__Task goal__
Your copy of the entries below should hold exactly the lines from the one containing "CLP Barhocker Stoff" to the one containing "children's seamless pattern with zebras", inclusive, and no pictures.
(Provided records)
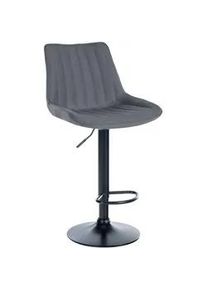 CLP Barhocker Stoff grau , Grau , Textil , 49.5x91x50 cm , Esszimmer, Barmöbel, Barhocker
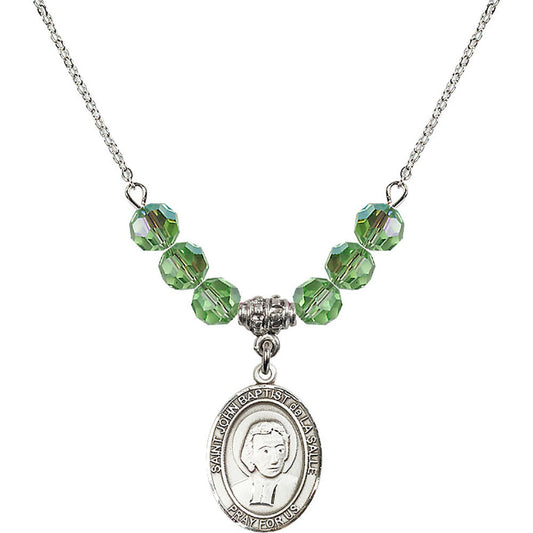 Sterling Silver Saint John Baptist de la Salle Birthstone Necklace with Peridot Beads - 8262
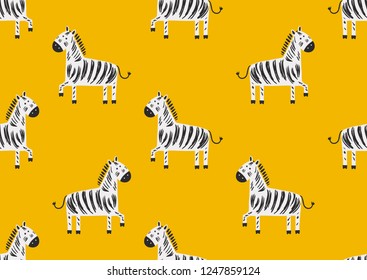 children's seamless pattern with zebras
(End Provided records)
(Provided records)
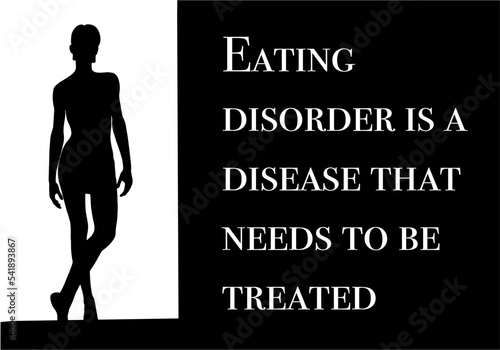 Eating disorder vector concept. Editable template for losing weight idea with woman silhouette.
(End Provided records)
__Exercise answer__
 CLP Barhocker Stoff grau , Grau , Textil , 49.5x91x50 cm , Esszimmer, Barmöbel, Barhocker
 Sterling Silver Saint John Baptist de la Salle Birthstone Necklace with Peridot Beads - 8262
 children's seamless pattern with zebras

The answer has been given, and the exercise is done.